Short web captions
= = = = = = =

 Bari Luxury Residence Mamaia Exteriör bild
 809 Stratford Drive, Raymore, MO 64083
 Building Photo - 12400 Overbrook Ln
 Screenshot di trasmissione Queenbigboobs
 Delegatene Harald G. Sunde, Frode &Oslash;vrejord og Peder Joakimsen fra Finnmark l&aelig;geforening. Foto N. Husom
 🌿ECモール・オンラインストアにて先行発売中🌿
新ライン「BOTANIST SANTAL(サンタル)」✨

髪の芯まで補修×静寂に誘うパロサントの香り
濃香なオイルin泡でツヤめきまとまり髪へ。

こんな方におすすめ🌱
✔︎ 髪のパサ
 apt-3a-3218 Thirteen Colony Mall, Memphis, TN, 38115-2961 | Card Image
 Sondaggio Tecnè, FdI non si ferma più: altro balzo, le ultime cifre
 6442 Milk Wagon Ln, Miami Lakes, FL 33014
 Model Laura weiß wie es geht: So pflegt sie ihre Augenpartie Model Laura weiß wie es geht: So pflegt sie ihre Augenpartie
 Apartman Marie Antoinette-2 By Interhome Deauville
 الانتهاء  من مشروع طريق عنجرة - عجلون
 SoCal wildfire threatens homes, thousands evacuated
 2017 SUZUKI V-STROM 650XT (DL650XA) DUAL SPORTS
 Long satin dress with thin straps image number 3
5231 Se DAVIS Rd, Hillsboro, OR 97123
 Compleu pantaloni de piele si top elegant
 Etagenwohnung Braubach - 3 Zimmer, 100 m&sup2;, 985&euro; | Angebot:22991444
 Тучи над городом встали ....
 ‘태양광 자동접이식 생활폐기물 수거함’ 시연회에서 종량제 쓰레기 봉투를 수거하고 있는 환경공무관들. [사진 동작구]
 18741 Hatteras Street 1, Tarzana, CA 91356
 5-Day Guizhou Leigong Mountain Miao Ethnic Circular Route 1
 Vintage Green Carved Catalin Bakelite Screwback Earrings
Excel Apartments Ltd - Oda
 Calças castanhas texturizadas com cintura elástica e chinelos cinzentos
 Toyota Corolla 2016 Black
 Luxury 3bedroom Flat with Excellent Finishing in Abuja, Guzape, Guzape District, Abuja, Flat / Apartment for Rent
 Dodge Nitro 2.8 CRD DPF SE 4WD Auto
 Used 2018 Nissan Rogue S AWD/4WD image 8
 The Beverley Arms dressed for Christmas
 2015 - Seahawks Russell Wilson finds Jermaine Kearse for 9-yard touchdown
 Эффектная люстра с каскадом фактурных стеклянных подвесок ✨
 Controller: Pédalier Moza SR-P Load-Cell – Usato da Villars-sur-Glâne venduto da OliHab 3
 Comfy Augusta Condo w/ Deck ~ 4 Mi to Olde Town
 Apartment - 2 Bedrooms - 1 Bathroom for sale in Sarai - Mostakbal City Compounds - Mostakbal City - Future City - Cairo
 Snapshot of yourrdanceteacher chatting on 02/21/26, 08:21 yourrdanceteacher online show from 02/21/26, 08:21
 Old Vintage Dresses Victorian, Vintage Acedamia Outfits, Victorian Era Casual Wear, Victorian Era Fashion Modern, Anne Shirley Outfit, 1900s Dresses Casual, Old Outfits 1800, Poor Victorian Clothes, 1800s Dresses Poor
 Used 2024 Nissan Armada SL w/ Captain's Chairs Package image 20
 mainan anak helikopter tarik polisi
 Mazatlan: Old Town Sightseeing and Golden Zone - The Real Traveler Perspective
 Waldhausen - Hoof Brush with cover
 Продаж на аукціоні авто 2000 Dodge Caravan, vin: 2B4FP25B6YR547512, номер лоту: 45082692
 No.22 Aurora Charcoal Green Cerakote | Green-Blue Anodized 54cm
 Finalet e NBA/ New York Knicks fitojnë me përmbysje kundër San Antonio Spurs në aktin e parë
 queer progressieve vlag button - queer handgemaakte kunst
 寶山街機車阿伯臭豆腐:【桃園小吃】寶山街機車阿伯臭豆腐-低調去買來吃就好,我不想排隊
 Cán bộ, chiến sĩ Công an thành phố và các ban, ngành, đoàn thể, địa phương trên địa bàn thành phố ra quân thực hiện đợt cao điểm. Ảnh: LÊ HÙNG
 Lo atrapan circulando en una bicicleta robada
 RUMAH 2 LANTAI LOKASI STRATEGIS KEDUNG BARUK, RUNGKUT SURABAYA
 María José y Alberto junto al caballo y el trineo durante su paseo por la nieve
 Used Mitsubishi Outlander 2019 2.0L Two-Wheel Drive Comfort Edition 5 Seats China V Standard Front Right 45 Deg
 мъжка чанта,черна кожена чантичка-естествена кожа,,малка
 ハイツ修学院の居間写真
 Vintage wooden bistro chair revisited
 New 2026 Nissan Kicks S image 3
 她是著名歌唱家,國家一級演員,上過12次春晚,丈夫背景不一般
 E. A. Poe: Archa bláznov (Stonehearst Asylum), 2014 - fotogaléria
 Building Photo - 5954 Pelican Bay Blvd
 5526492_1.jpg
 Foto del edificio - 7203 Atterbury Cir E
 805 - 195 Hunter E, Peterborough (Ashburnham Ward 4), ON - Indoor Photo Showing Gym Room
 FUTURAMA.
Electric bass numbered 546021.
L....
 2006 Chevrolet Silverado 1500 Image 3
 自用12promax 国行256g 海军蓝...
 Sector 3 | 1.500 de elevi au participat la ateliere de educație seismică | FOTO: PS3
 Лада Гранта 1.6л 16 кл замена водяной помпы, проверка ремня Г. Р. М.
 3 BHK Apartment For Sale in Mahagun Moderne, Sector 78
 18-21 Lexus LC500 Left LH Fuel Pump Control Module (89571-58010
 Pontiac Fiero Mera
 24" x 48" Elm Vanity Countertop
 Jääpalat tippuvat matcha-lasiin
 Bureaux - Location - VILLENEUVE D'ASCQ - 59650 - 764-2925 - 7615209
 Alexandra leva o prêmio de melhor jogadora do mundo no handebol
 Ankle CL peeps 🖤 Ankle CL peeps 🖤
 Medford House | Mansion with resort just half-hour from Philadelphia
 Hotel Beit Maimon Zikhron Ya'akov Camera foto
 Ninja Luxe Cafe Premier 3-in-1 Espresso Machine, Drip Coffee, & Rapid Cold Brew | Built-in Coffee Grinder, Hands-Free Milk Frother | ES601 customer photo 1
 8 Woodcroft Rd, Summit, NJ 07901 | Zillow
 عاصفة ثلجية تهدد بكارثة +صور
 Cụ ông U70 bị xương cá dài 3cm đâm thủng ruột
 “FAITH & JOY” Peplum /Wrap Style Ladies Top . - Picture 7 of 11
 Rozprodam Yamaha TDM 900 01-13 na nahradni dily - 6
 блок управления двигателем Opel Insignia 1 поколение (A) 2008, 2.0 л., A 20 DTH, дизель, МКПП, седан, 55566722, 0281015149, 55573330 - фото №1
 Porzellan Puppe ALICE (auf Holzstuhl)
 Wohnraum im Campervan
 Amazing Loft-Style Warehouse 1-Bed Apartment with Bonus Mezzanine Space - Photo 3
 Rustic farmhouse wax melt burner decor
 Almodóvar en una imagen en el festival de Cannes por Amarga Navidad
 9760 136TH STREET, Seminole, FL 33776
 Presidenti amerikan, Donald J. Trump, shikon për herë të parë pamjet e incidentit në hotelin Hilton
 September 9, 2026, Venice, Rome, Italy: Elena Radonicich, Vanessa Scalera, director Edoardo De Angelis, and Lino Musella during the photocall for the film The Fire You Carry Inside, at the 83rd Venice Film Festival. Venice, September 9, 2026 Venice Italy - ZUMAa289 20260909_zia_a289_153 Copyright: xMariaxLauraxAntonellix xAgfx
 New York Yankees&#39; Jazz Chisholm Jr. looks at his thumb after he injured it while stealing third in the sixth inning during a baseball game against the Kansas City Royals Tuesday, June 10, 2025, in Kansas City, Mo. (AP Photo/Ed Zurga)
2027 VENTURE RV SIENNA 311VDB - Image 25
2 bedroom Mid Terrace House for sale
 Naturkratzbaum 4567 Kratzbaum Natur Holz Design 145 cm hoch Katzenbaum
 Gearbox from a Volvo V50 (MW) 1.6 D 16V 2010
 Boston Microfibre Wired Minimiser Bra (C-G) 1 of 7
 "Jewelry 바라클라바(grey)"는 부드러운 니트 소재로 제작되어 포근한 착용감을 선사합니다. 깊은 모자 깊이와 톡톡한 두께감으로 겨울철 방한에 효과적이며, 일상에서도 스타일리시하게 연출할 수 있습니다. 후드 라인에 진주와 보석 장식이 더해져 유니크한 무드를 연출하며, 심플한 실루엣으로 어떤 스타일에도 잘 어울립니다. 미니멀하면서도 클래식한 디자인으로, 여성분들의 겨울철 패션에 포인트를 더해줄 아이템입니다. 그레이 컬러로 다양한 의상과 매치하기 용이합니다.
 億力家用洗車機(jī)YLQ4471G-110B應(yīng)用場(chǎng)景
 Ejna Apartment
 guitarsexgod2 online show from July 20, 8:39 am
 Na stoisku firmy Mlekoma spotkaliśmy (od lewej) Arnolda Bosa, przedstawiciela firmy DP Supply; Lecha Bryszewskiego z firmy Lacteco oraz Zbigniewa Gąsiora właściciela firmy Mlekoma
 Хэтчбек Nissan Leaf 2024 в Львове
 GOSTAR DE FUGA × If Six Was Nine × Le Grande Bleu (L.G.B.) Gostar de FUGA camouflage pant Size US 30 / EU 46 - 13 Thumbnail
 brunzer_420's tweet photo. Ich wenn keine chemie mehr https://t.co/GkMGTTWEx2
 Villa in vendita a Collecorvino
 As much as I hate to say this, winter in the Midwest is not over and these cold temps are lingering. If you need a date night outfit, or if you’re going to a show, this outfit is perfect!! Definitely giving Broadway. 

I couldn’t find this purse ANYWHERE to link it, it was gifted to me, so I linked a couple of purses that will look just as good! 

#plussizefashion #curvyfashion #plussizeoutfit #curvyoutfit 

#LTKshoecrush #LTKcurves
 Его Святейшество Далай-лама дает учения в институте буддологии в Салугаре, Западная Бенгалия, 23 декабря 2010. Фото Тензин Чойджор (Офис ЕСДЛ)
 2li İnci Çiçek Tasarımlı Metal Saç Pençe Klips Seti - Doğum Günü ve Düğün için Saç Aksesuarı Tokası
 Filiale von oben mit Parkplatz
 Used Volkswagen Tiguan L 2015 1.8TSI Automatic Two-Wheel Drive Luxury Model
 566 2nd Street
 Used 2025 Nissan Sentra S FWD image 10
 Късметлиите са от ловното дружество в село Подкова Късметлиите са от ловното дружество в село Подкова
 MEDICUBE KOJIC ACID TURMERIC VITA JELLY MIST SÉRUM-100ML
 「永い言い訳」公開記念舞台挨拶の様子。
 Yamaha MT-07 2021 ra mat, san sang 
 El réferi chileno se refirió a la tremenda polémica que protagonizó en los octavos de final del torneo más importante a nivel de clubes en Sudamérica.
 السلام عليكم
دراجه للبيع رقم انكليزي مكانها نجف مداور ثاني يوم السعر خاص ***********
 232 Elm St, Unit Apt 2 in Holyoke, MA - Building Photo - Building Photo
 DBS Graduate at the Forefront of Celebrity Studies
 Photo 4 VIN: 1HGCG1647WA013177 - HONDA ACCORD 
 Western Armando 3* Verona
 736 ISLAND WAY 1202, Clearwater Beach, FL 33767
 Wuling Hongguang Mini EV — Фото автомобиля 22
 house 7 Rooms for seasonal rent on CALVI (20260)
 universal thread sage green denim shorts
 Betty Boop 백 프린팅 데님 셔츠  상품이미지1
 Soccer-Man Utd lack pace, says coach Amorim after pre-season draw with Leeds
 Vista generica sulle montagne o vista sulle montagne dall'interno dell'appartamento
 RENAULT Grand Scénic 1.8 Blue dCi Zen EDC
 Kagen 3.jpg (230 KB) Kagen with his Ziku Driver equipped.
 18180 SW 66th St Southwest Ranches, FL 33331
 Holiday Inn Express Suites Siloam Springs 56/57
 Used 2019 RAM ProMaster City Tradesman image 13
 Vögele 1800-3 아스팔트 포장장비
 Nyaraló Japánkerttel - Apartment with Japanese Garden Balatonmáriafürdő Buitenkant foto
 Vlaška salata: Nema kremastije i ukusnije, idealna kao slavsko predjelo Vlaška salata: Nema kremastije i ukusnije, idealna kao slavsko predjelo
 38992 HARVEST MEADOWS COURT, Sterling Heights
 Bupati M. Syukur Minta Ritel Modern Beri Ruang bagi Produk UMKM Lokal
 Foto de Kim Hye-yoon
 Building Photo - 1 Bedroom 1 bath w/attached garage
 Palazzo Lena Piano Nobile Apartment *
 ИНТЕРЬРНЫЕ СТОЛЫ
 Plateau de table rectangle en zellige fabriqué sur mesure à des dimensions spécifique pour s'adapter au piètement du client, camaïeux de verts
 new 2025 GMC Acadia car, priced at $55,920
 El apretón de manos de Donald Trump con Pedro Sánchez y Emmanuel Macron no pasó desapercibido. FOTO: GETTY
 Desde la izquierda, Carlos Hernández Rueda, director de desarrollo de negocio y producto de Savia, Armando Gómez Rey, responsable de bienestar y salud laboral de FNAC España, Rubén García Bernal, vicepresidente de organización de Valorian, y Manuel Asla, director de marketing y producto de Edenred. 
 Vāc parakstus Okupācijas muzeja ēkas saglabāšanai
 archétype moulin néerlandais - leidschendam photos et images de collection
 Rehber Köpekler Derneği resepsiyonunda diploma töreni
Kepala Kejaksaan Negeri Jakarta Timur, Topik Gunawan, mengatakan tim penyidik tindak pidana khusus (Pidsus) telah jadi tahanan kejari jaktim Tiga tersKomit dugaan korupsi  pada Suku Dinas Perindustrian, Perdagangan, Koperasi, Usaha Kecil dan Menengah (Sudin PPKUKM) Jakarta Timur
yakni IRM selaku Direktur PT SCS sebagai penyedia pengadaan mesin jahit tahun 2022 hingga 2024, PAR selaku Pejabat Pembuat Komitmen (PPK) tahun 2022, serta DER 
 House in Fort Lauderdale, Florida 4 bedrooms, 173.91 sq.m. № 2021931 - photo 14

= = = = = = =

#### [Activity]
Begin at the line that has "apt-3a-3218 Thirteen Colony" in the entries above; stop after the line that has "Snapshot of yourrdanceteacher". Transcribe exactly those lines and no others.

#### [Response to the task]
 apt-3a-3218 Thirteen Colony Mall, Memphis, TN, 38115-2961 | Card Image
 Sondaggio Tecnè, FdI non si ferma più: altro balzo, le ultime cifre
 6442 Milk Wagon Ln, Miami Lakes, FL 33014
 Model Laura weiß wie es geht: So pflegt sie ihre Augenpartie Model Laura weiß wie es geht: So pflegt sie ihre Augenpartie
 Apartman Marie Antoinette-2 By Interhome Deauville
 الانتهاء  من مشروع طريق عنجرة - عجلون
 SoCal wildfire threatens homes, thousands evacuated
 2017 SUZUKI V-STROM 650XT (DL650XA) DUAL SPORTS
 Long satin dress with thin straps image number 3
5231 Se DAVIS Rd, Hillsboro, OR 97123
 Compleu pantaloni de piele si top elegant
 Etagenwohnung Braubach - 3 Zimmer, 100 m&sup2;, 985&euro; | Angebot:22991444
 Тучи над городом встали ....
 ‘태양광 자동접이식 생활폐기물 수거함’ 시연회에서 종량제 쓰레기 봉투를 수거하고 있는 환경공무관들. [사진 동작구]
 18741 Hatteras Street 1, Tarzana, CA 91356
 5-Day Guizhou Leigong Mountain Miao Ethnic Circular Route 1
 Vintage Green Carved Catalin Bakelite Screwback Earrings
Excel Apartments Ltd - Oda
 Calças castanhas texturizadas com cintura elástica e chinelos cinzentos
 Toyota Corolla 2016 Black
 Luxury 3bedroom Flat with Excellent Finishing in Abuja, Guzape, Guzape District, Abuja, Flat / Apartment for Rent
 Dodge Nitro 2.8 CRD DPF SE 4WD Auto
 Used 2018 Nissan Rogue S AWD/4WD image 8
 The Beverley Arms dressed for Christmas
 2015 - Seahawks Russell Wilson finds Jermaine Kearse for 9-yard touchdown
 Эффектная люстра с каскадом фактурных стеклянных подвесок ✨
 Controller: Pédalier Moza SR-P Load-Cell – Usato da Villars-sur-Glâne venduto da OliHab 3
 Comfy Augusta Condo w/ Deck ~ 4 Mi to Olde Town
 Apartment - 2 Bedrooms - 1 Bathroom for sale in Sarai - Mostakbal City Compounds - Mostakbal City - Future City - Cairo
 Snapshot of yourrdanceteacher chatting on 02/21/26, 08:21 yourrdanceteacher online show from 02/21/26, 08:21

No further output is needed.